The expected output is an exact copy of the lines from the one containing "Gallery image thumbnail" to the final line below, minus any pictures.

(Caption-style text data)
#####

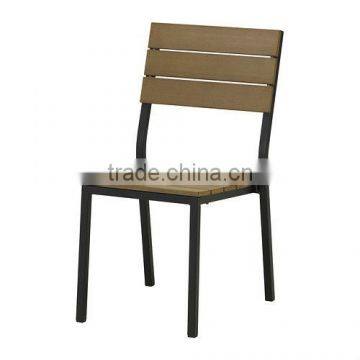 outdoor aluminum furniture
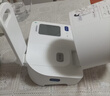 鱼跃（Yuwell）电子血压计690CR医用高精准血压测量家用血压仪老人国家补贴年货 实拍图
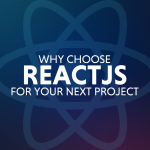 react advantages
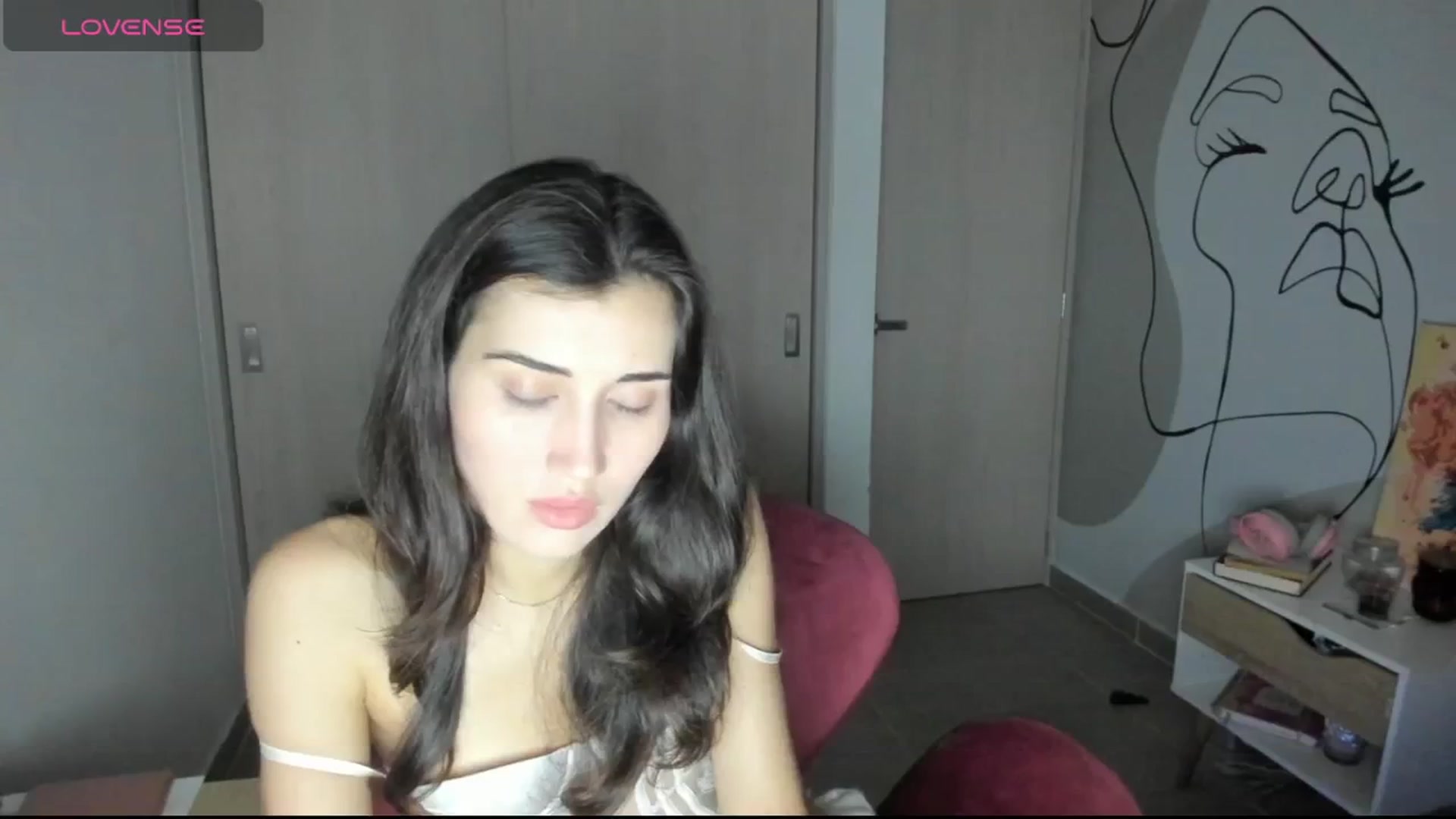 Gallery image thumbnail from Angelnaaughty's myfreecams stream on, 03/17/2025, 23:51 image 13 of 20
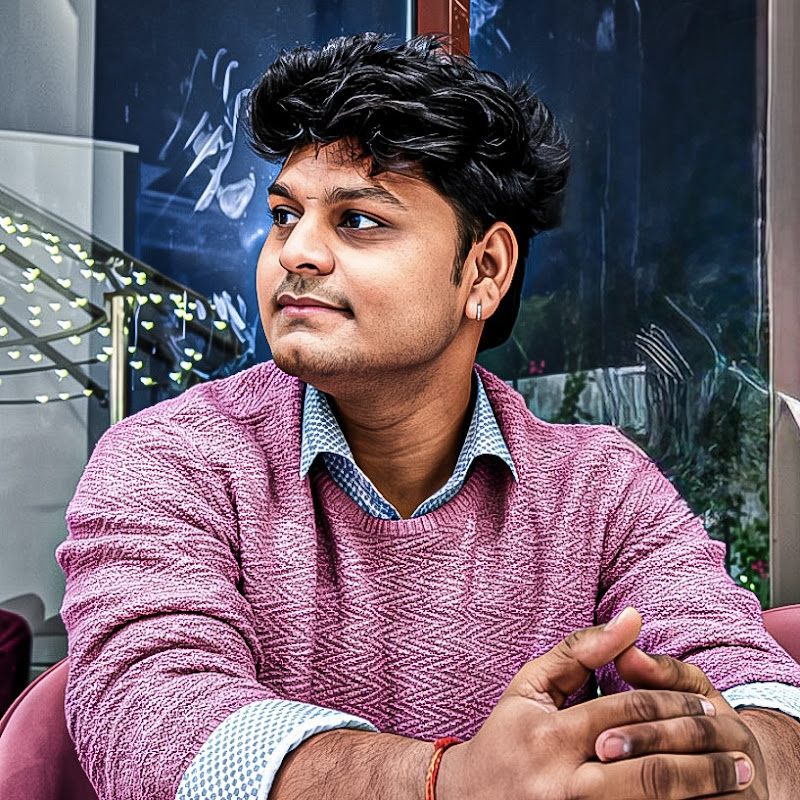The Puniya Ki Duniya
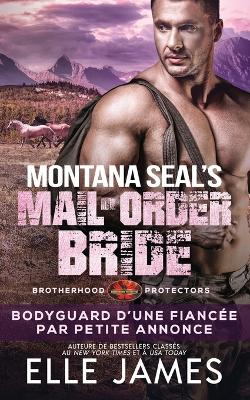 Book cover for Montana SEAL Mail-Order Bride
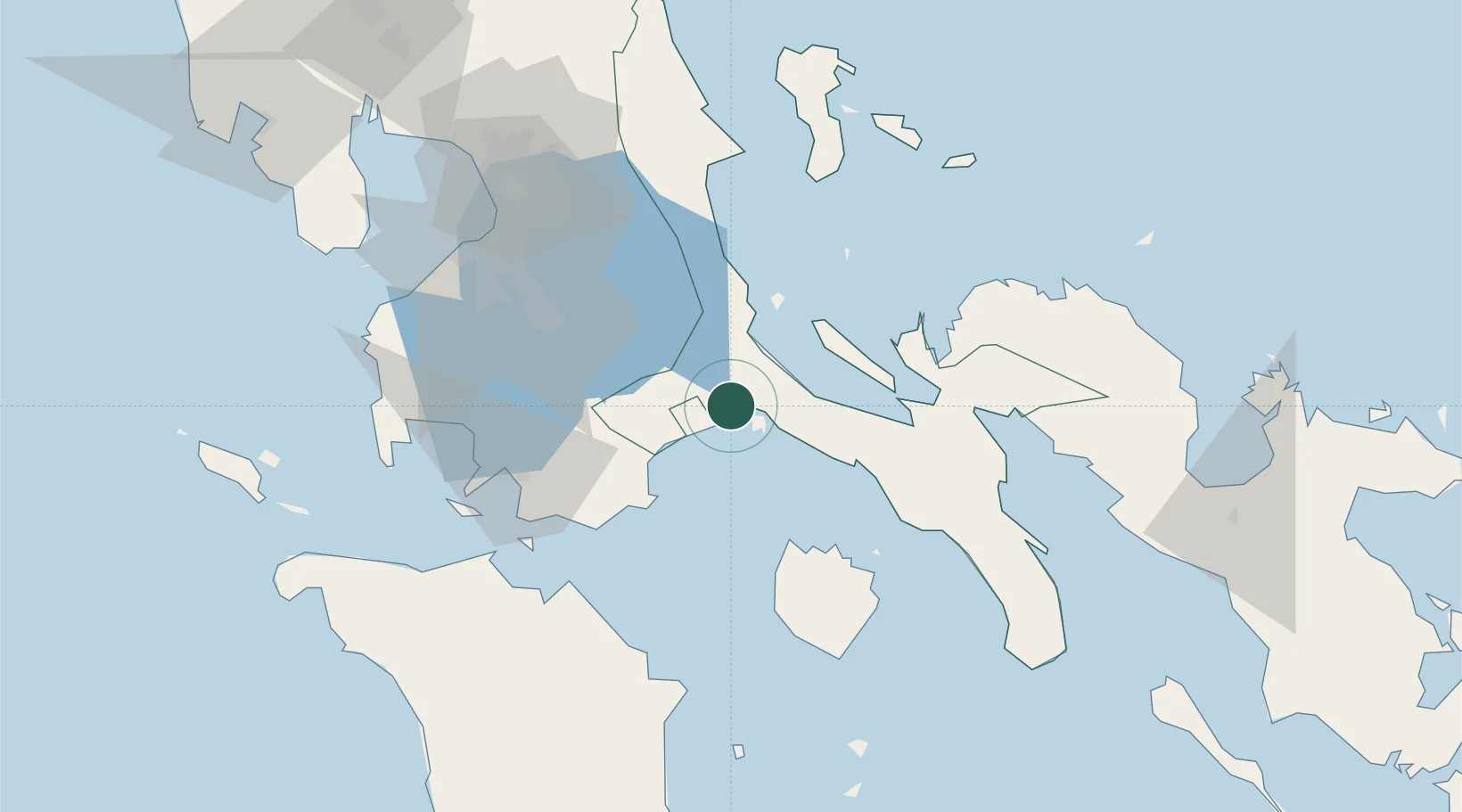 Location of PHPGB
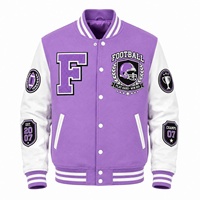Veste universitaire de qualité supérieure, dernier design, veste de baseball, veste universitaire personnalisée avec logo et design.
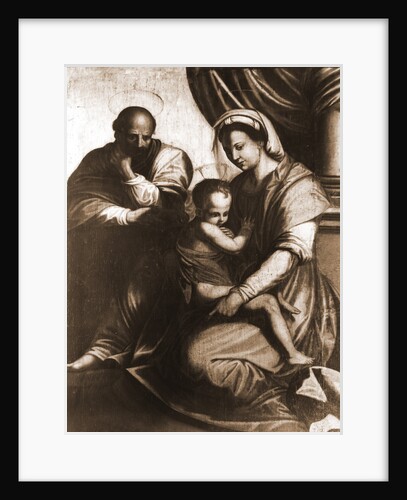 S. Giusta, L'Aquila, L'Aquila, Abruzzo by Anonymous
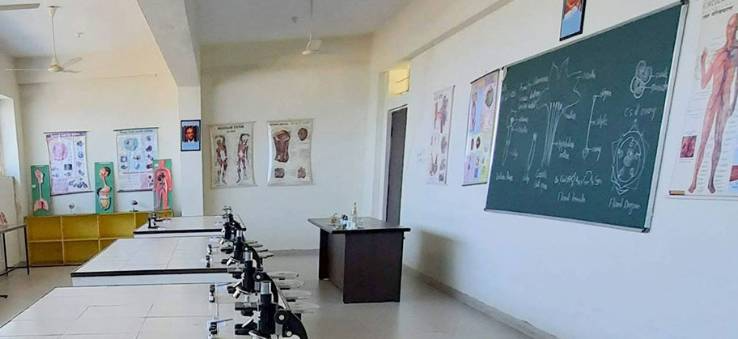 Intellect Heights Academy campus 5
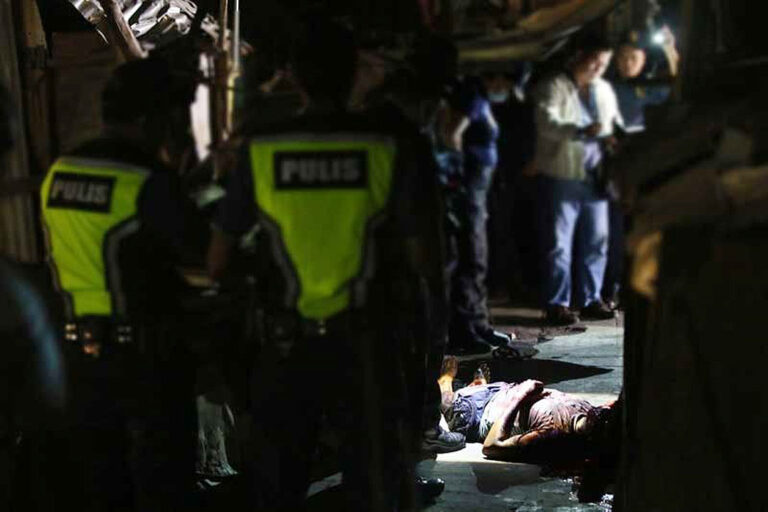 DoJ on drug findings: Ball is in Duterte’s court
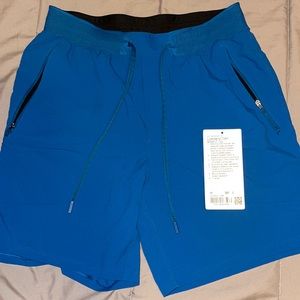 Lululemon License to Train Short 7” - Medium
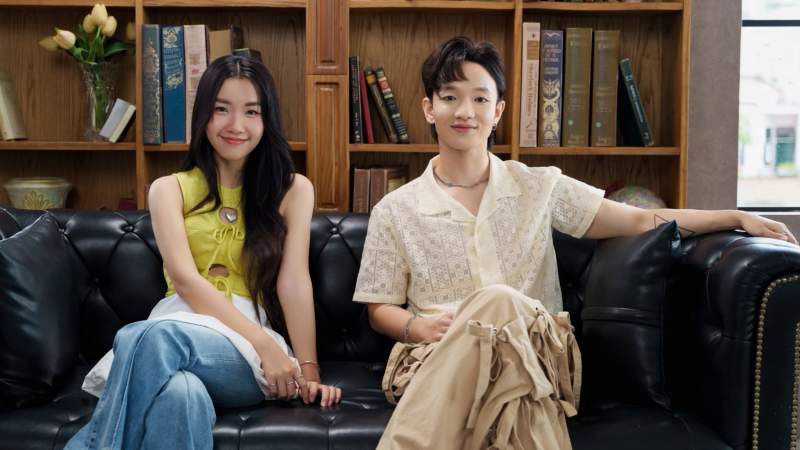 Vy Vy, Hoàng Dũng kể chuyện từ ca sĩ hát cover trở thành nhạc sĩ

#####

Problem solution ->
 Gallery image thumbnail from Angelnaaughty's myfreecams stream on, 03/17/2025, 23:51 image 13 of 20
The Puniya Ki Duniya
 Book cover for Montana SEAL Mail-Order Bride
 Location of PHPGB
Veste universitaire de qualité supérieure, dernier design, veste de baseball, veste universitaire personnalisée avec logo et design.
 S. Giusta, L'Aquila, L'Aquila, Abruzzo by Anonymous
 Intellect Heights Academy campus 5
 DoJ on drug findings: Ball is in Duterte’s court
 Lululemon License to Train Short 7” - Medium
 Vy Vy, Hoàng Dũng kể chuyện từ ca sĩ hát cover trở thành nhạc sĩ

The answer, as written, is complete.